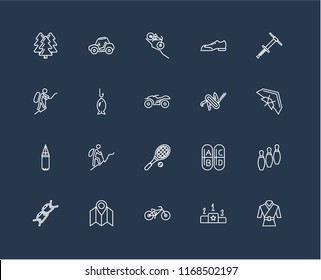 Set Of 20 black linear icons such as Martial art, Pedestal, Biking, Map, Climb, Pogo stick, Multitool, Tennis racket, Boxing, Fishing, Downhill, editable stroke vector icon pack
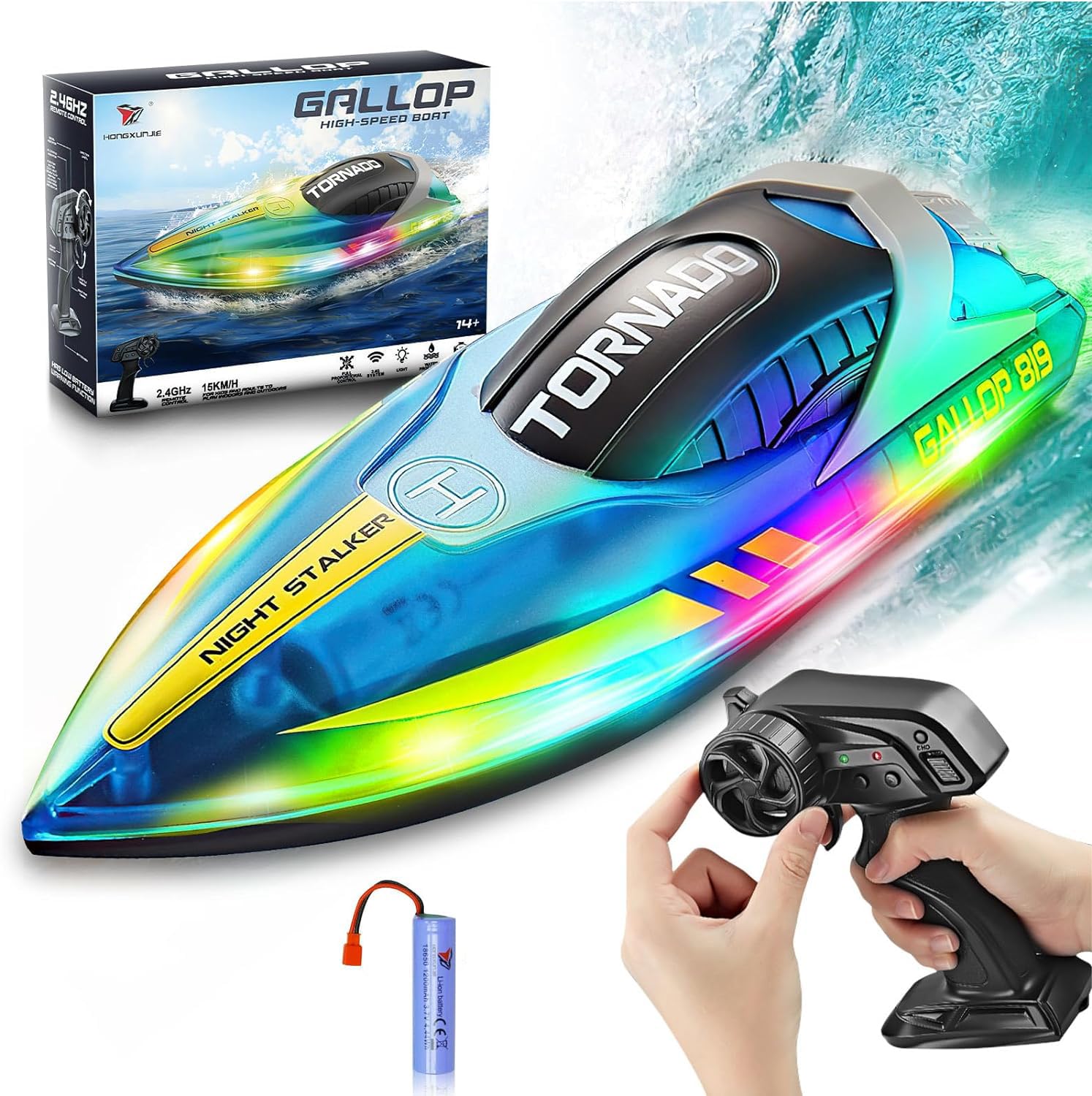 RC Boat for Kids 8-12, Remote Control Boat15+ MPH Fast Remote Control Boat with LED Lights, 2.4G RC Electric Boats Pool and Lakes Toys for Adults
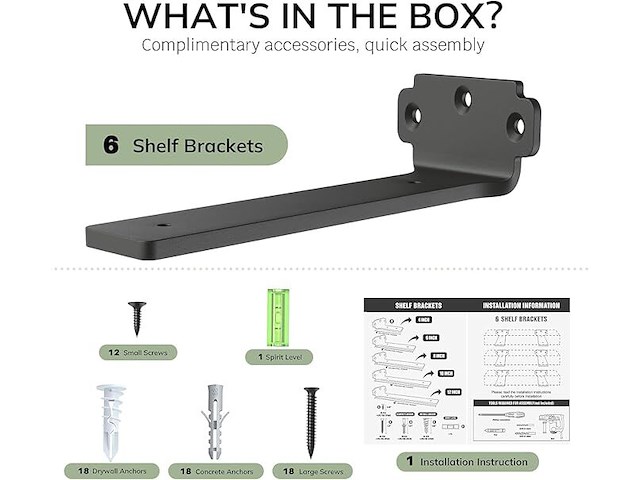 Weldun 6-delige set zwevende plankdragers 25 cm - afbeelding 2 van  6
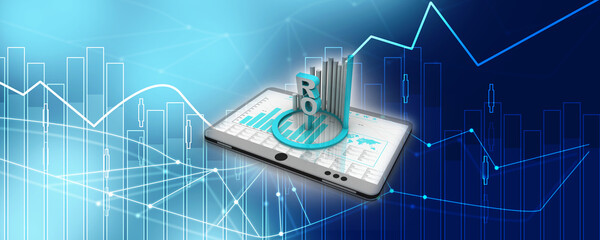3d rendering Stock market online business concept. business Graph on mobile
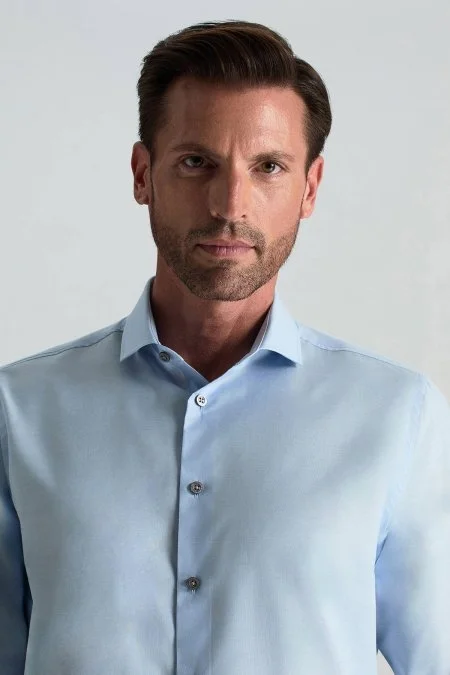 İpek Pamuk Karışım İtalyan Yaka Mavi Gömlek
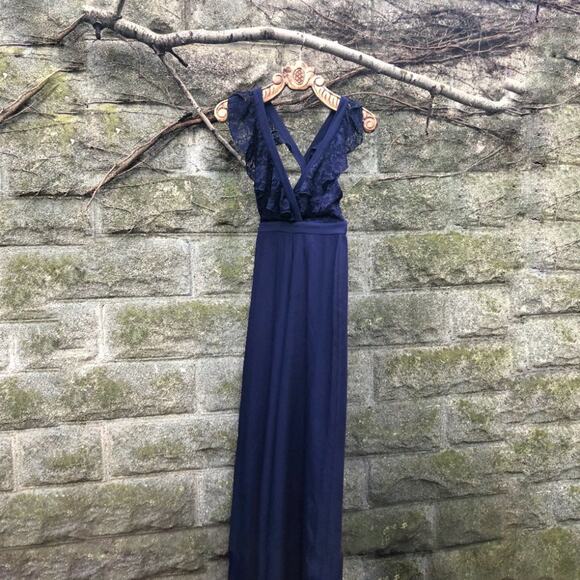 ASOS Twist Back Lace Ruffle Plunging V Neck Wide Leg Jumpsuit Blue 8 NWT - Picture 2 of 10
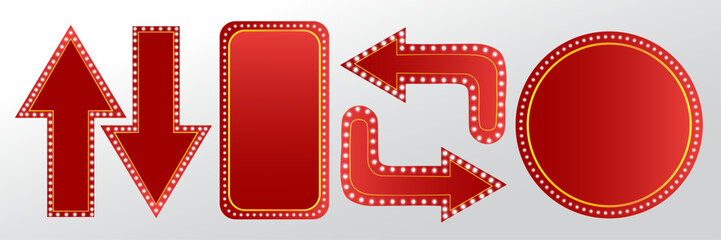 Red neon light arrow and frame set, glowing Christmas and New Year sale sign shapes, bright retro marquee border, festive advertisement light banner elements, vector illustration design © Vijay Pareek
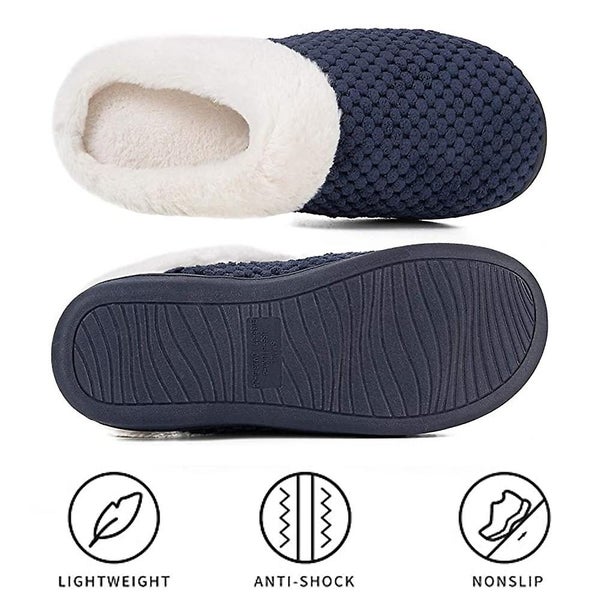 Women's Soft Memory Foam House Slippers Comfort Warm Slip On House Shoes Fuzzy Carousel 2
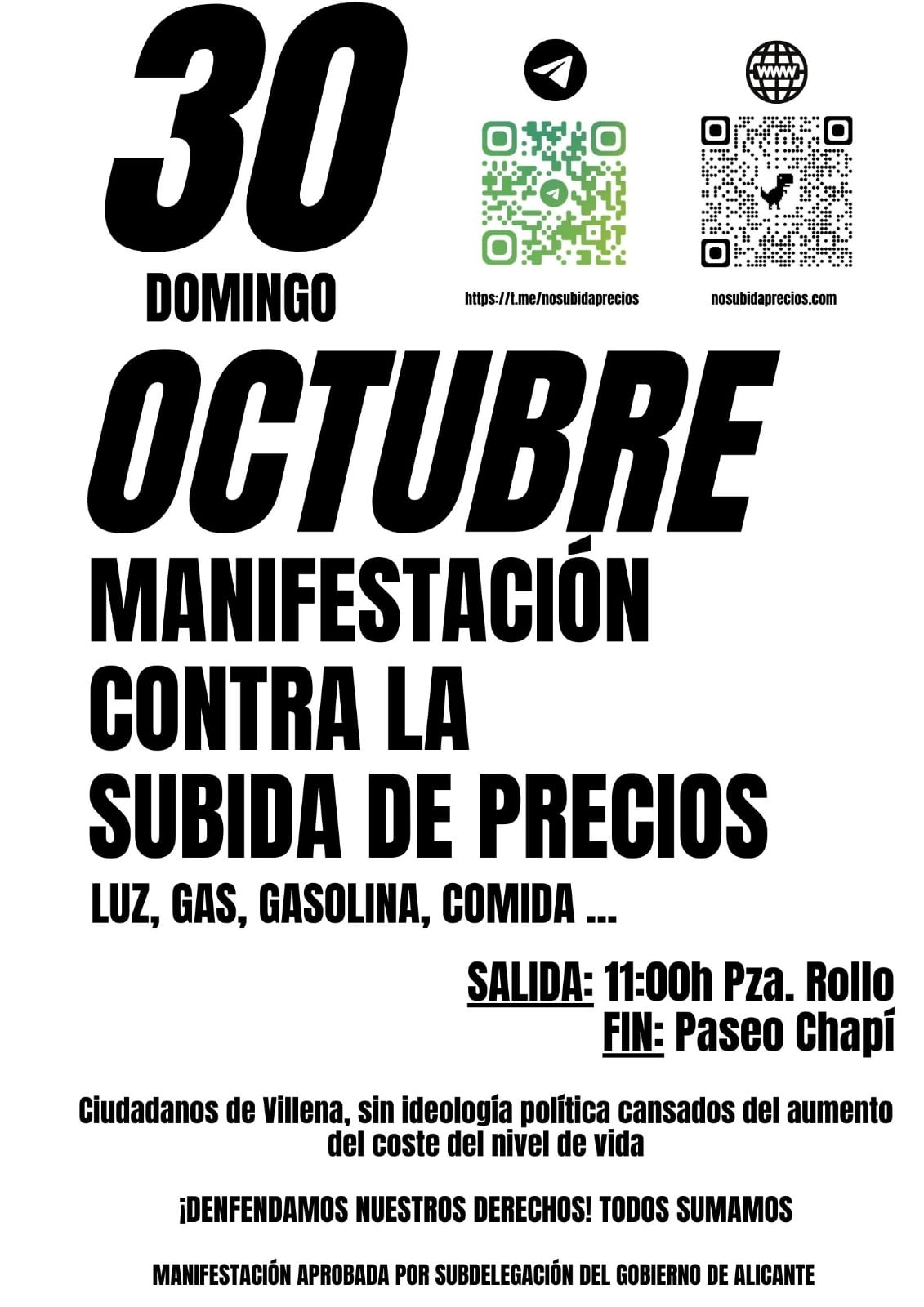 Cartel de la manifestación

» WORK INSTRUCTION
Write out again, word for word, only the lines from the one with "Red neon light" through the last line of the material, and omit each picture.

» ANSWER TO THIS TASK
 Red neon light arrow and frame set, glowing Christmas and New Year sale sign shapes, bright retro marquee border, festive advertisement light banner elements, vector illustration design © Vijay Pareek
 Women's Soft Memory Foam House Slippers Comfort Warm Slip On House Shoes Fuzzy Carousel 2
 Cartel de la manifestación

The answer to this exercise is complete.